Last Updated: Thursday, January 6, 2011 - 19:27

New Delhi: The tardy progress in the Rs five lakh crore river inter-linking project attracted criticism by the Supreme Court Thursday which directed the Government-appointed high-powered committee to place a status report before it within two months.

The apex court also sought the assistance of Attorney General G E Vahanvati asking him to be present on the next date of hearing to explain on the feasibility of the project.

"We want to know from the Attorney General about the feasibility of the project and also want to know what cost it will take," a bench comprising Chief Justice S H Kapadia and Justices K S Radhakrishnan and Swatanter Kumar said while posting the next hearing for March 4.

The bench, which in the beginning was apparently reluctant to keep the over eight-year-old matter alive, said, "It will do whatever good will be for the country but if there will be something which is not possible we will not go into it".

It was critical of the fact that though the task force for the project was set up in 2002, the progress was not upto the mark and it was also not clear as to how many years it will take to complete the interlinking of rivers which has faced opposition from certain quarters.

"Why should we keep it (matter) alive. It will take another 43 years. At the end of the day if the result is not going to come, there is no purpose of keeping it alive," the bench said.
"We are not going to give any direction," the bench said at one point during the hearing.

Advocate Prashant Bhushan, appearing for social work er and environmentalist S D Sinha, opposed the project saying it was not feasible.

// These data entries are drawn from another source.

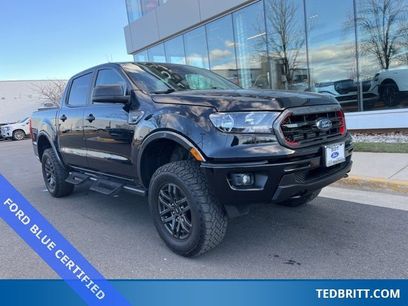 Used 2023 Ford Ranger XLT w/ Tremor Off-Road Package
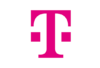 Telekom Logo in pink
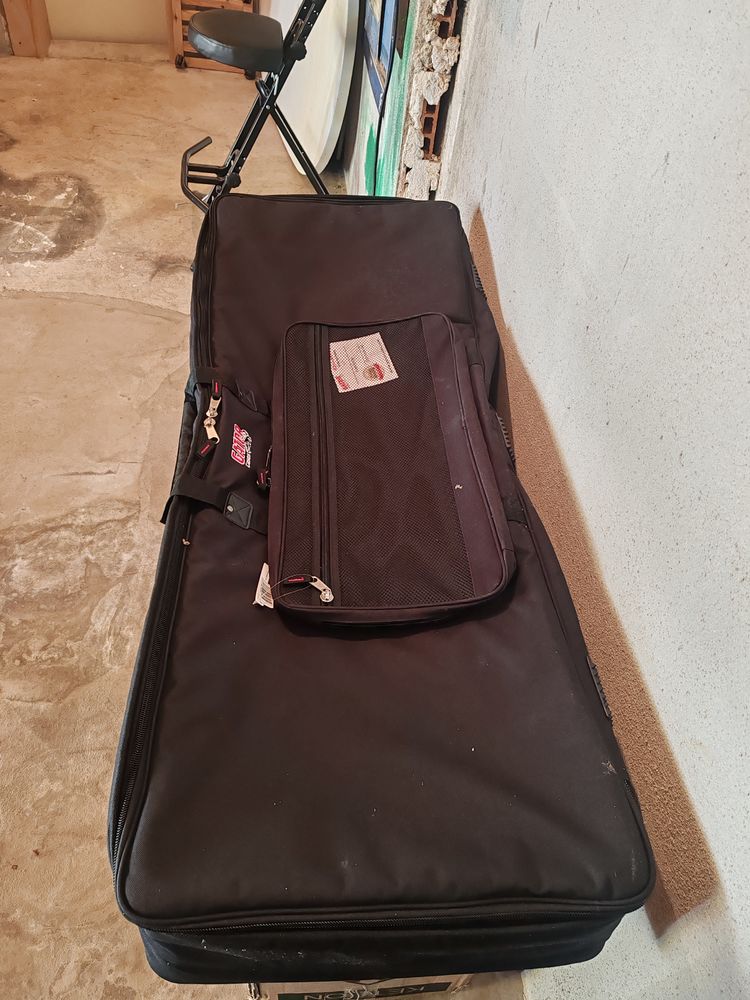 Housse de clavier 140cm 80 Montagnac (34)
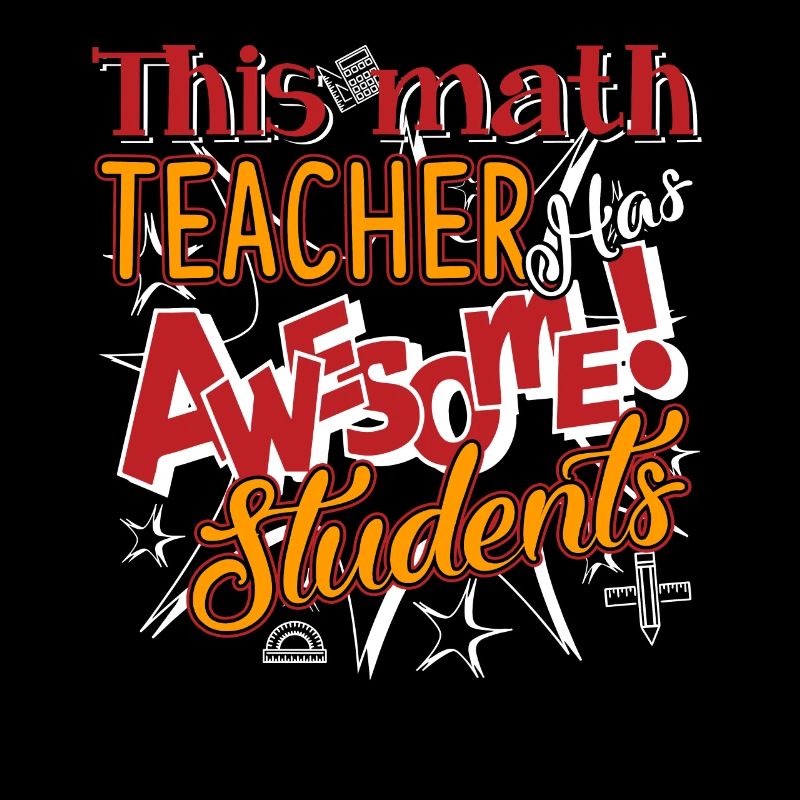 This Math Teacher Has Awesome Students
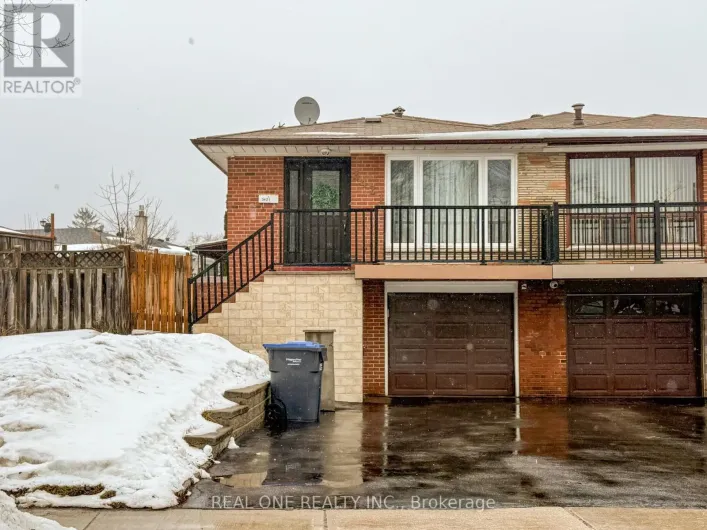 LOWER UNIT - 3421 ELLENGALE DRIVE W, Mississauga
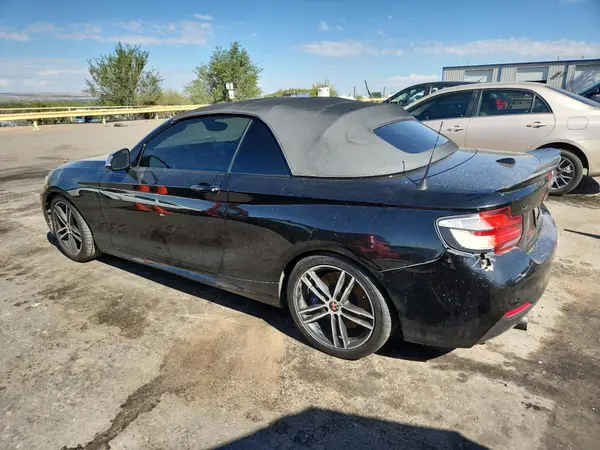 WBA2N3C54JVE45803 2018 BMW 2ER - Image 2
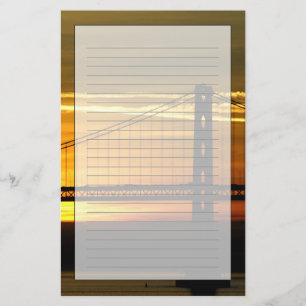 Nordamerika, USA, Kalifornien, San Francisco. 3 Briefpapier
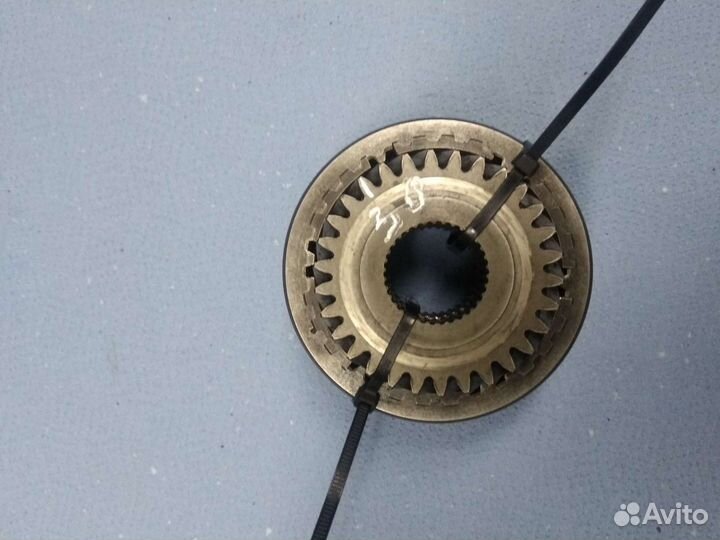 Шестерни 5 передачи Volkswagen Т4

He said Government was proceeding on it on the assumption that it is a court-directed project.

"Let nobody be under the impression that it is a court-directed project," he submitted and added that the project is like asking to bring water from the moon.

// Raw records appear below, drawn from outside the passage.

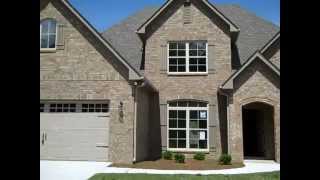 preview picture of video 'The Cambridge Plan Chapel Hills Neighborhood Fultondale, AL'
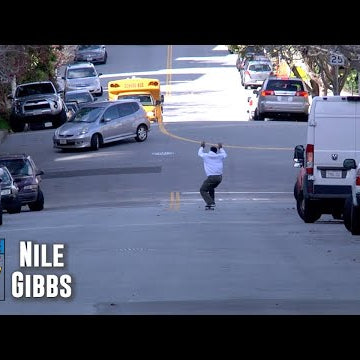 Nile Gibbs : Awake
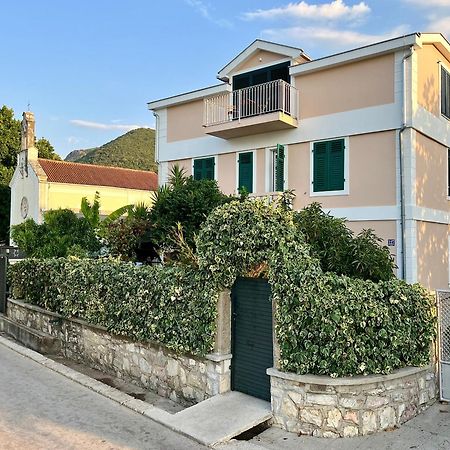 Apartment Dunja Djenovici Herceg Novi Exterior foto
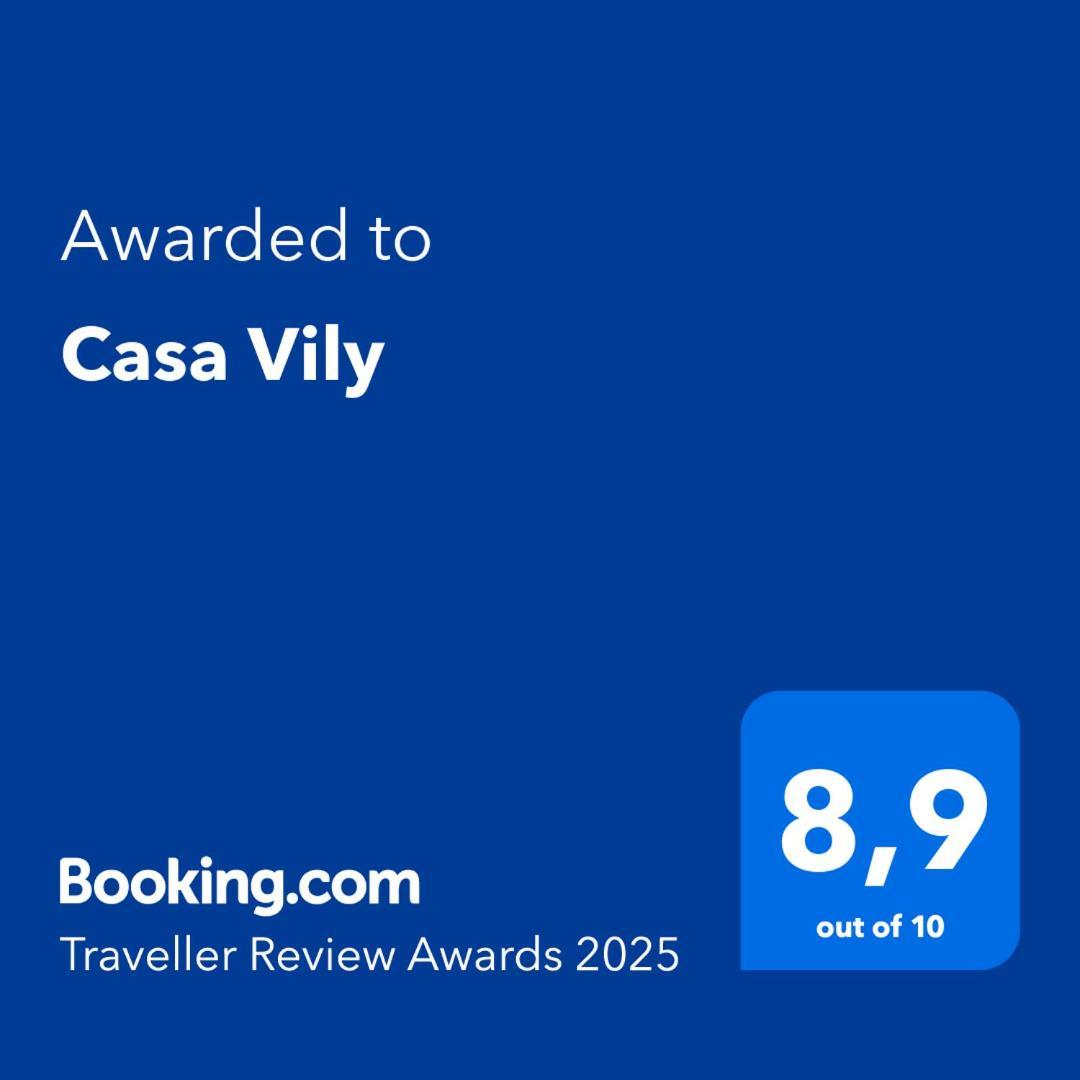 Casa Vily Vilagarcía de Arousa Extérieur photo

However, this submission did not impress the bench which said "you should not come out with extreme examples".
"This is not an adversarial litigation," the bench said.

Though, it said that "prima facie, it may not be possible for us to pass any directions, it can always act as a facilitator".

Senior advocate Harish Salve, who was appearing for those in favour of the project, said it will help in ending the river dispute between various states which is quite prominent nowadays.